Kris Kobach Applying For Ralph Fiennes's Job In That One Movie, What Was It, 'Bucket List'
We're not terrified, you're terrified!
Kris Kobach -- the former Kansas secretary of state and 2018 Republican gubernatorial nominee who lost to a DEMOCRAT GIRL, in KANSAS -- went on Fox Business's "Lou Dobbs 60-Minute Hate" last night. There, he unveiled his simple three-step plan to end the "crisis" the Trump administration has created at the US-Mexico border. We'll assume the appearance was Kobach's job interview for the new position of "Border Czar" or "Immigration Czar" or "Obersturmbannführer" that Donald Trump is considering creating, to coordinate Trump's Deport Everyone policy across the several agencies that handle immigration. It's a terrific plan, involving the creation of "camps" at the border to "process" all the families seeking asylum.
Here, Media Matters has the video:
Kobach explained, "Lou, the solution to this crisis is actually a fairly easy one. I won't say 'easy,' but it has three major steps." Happily, Kobach didn't say the solution would be final, just fairly easy, but not really easy after all. His first step, he said, would be to put in place the Trump administration's bullshit administrative "rule" -- proposed last fall but never actually published in the Federal Register to make it law -- that would vacate the Flores settlement. That's the 1997 court case, and subsequent findings, prohibiting the detention of minors over 20 days and mandating they be kept in the LEAST restrictive setting possible. Once that simple step was out of the way (Narrator: "It would be challenged in court for years"), we get to the really cool part of Kobach's Lock 'Em Up fantasy, where he'd set up the CAMPS, filled with leftover FEMA trailers that the government already owns.
Number two, and this is deploy dozens of immigration judges as well as a fleet of passenger planes, and the thousands of empty mobile home trailers that the United States owns right now and is attempting to sell at bargain prices on the internet.
Instead of selling them, deploy them to the border cities, and create processing towns that are confined, and so when someone comes in and falsely claims asylum, we don't release them for six months onto the streets of the United States.
Processing towns that are confined! Where everyone can be kept, sort of concentrated-like! And heck, there's also plenty of brand new barbed wire already down there at the border, and we'd better put it to use before the Messicans all steal it! Just think how great that will be, and this time we'll ban cameras to make sure there are no iconic/ironic photos of little kids being led in the Pledge of Allegiance with rolls of razor wire in the background. Or anything like this:

We've learned somelessons, after all! (Besides, technically, those kids in the 1942 photo from the "U.S. War Relocation Authority" hadn't yet been interned, so there is nothing to object to anyway.)

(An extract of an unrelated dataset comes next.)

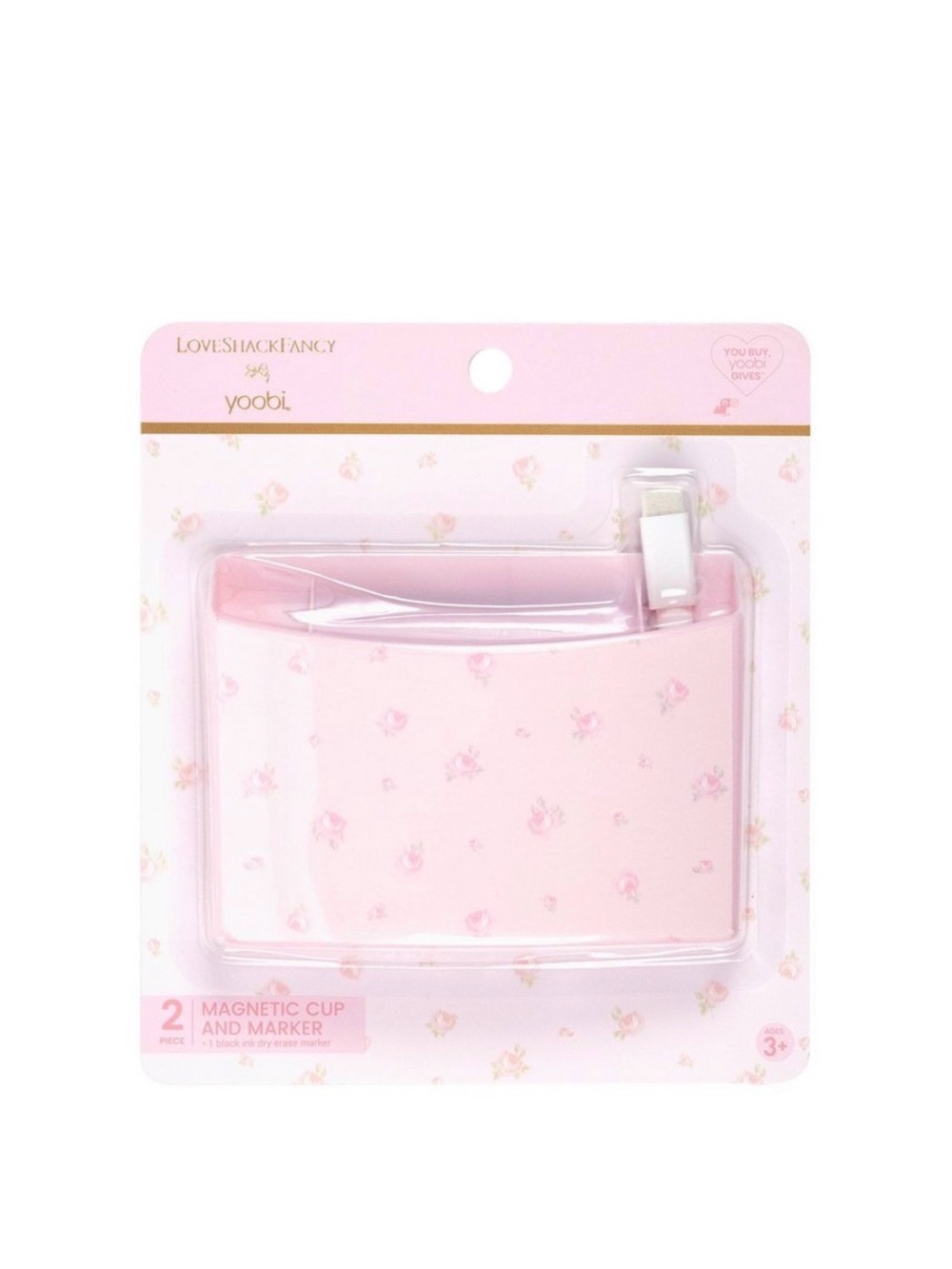 LoveShackFancy × Target - Yoobi Blooming Heirloom Ditsy Magnetic
Cup with Marker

Anyway, all these "Processing Towns" would prevent the very exaggerated "threat" of people being given a date for asylum hearings and then vanishing, which for the most part they don't actually do anyway , because after all they're very motivated to show up and get the chance to make their case.
Kobach went on to explain how the camps would result in quick processing and disposal of all the fakers who fake their asylum claims, since there are no real problems in Central America we suppose.
We process them right there, in that camp, where they have the three square meals, they're living in a nice mobile home, and then as soon as they're done, as soon as the claim is rejected, they're on the next plane back home, and then the people back home suddenly realize 'Hey he just left here two weeks ago, and yet he's back, maybe going in these caravans isn't such a great deal anymore.' So let's process the claims right there at the border and not release these people into the United States where they just disappear.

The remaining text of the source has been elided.